Dietro queste polizze apparentemente bizzarre si nasconde però una verità molto concreta: il settore assicurativo evolve esattamente quanto evolve il concetto di rischio.
Nel corso degli anni, il mercato assicurativo ha dato vita a soluzioni che, a prima vista, sembrano più curiose che utili. Esistono polizze contro i rapimenti alieni, sottoscritte soprattutto negli Stati Uniti, che promettono un risarcimento in caso di incontro ravvicinato del terzo tipo. Altre coprono i costi di un matrimonio annullato all’ultimo momento, quando uno dei due partner cambia idea. Nel mondo dello spettacolo, non è raro assicurare parti del corpo: voce, sorriso, gambe. Non si tratta di eccentricità, ma di una protezione concreta del valore economico associato a quelle caratteristiche.
Anche eventi apparentemente banali, come il meteo, possono essere oggetto di coperture estremamente specifiche: esistono polizze che si attivano solo se piove in una determinata fascia oraria durante un evento. In altre parole: non stiamo assicurando cose strane. Stiamo iniziando ad assicurare meglio.
Queste soluzioni fanno sorridere, ma raccontano qualcosa di molto più profondo sul modo in cui stiamo ridefinendo il rischio.
Il punto è proprio questo: non sono strane, sono specifiche. Definire queste polizze “bizzarre” è, in realtà, fuorviante.
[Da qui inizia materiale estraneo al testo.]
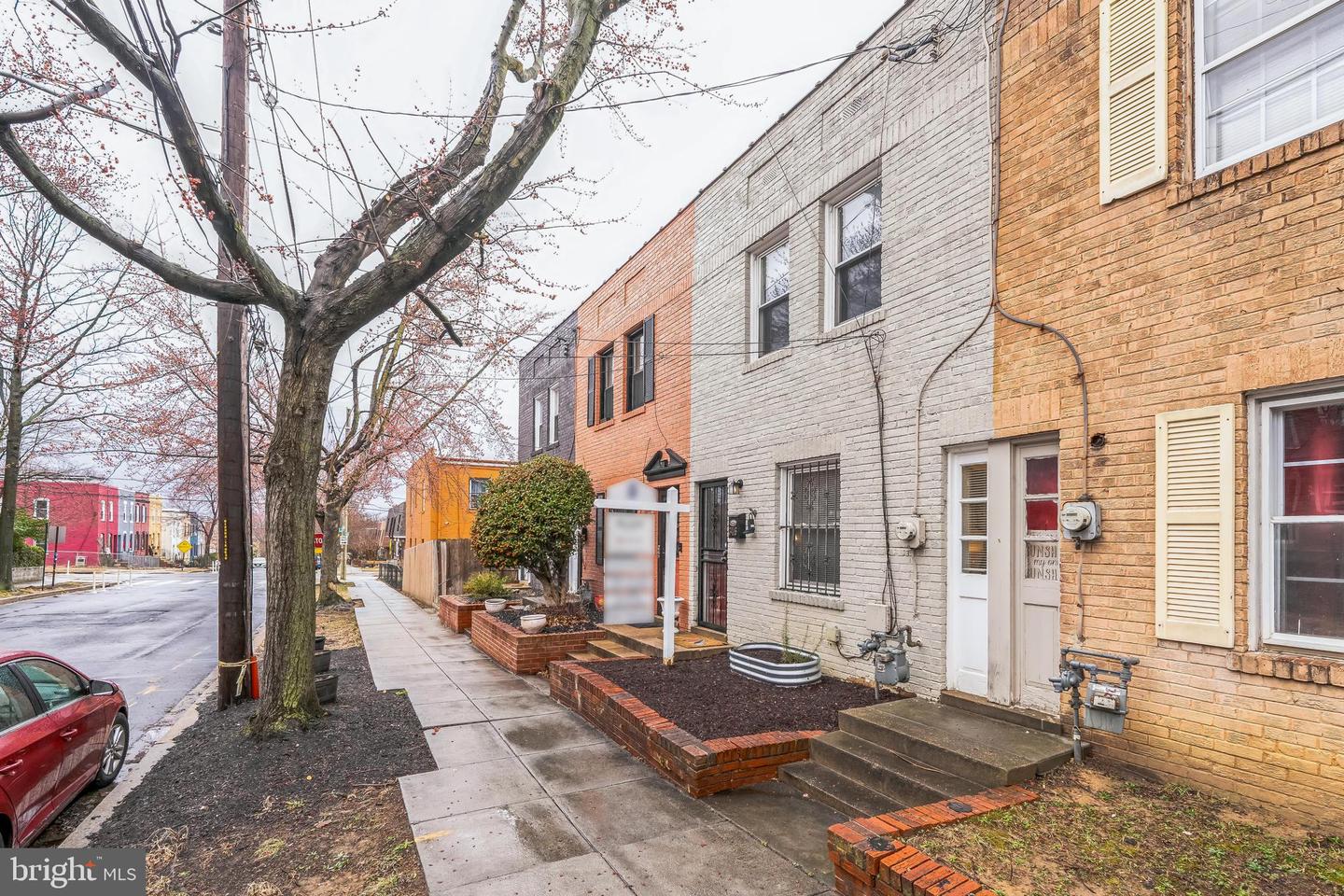 3416 CROFFUT PL SE, WASHINGTON, District Of Columbia 20019, 3 Bedrooms Bedrooms, ,2 BathroomsBathrooms,Residential,For sale,3416 CROFFUT PL SE,DCDC2188562 MLS # DCDC2188562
Sono semplicemente iper-specifiche.
E l’iper-specificità è esattamente la direzione in cui si sta muovendo l’intero settore assicurativo.
Per decenni, il modello dominante è stato basato su coperture standardizzate, costruite su categorie ampie e su una valutazione del rischio prevalentemente statistica.
Oggi, questo approccio non è più sufficiente.
I rischi sono diventati più complessi, interconnessi e dinamici. E, soprattutto, sono sempre più individuali.
La trasformazione in atto è più radicale: non riguarda solo i prodotti, ma il ruolo stesso dell’assicurazione. Da un lato, si passa da coperture generiche a soluzioni costruite su misura del singolo cliente. Dall’altro, cambia la logica di fondo: non più solo risarcire un danno, ma prevenirlo.
In questo scenario, la tecnologia gioca un ruolo centrale. Telematica, analisi avanzata dei dati e intelligenza artificiale stanno ridefinendo il modo in cui il rischio viene osservato, valutato e gestito.
Un esempio concreto è quello della mobilità. In passato, l’assicurazione si concentrava sull’oggetto: l’auto.
Oggi, grazie ai dati, è possibile spostare l’attenzione sul comportamento: come si guida, quando, in quali condizioni. Questo consente di costruire modelli di rischio molto più accurati e, soprattutto, di intervenire in modo proattivo.
Il rischio non è più qualcosa che si verifica e basta, ma qualcosa che può essere monitorato, compreso e, in molti casi, ridotto prima che si trasformi in un evento.
Le assicurazioni più strane ci fanno sorridere, ma offrono anche una chiave di lettura importante: il futuro della protezione non è standard, ma costruito intorno al singolo rischio. In un contesto in cui i dati diventano sempre più centrali, il valore non sta solo nella capacità di risarcire, ma in quella di anticipare.
Perché la vera innovazione oggi non è pagare meglio un sinistro, ma fare in modo che quel sinistro non accada. E in questo scenario, la tecnologia non è più solo uno strumento. È il fattore abilitante di una nuova idea di assicurazione: non più basata sul danno, ma sulla sua prevenzione.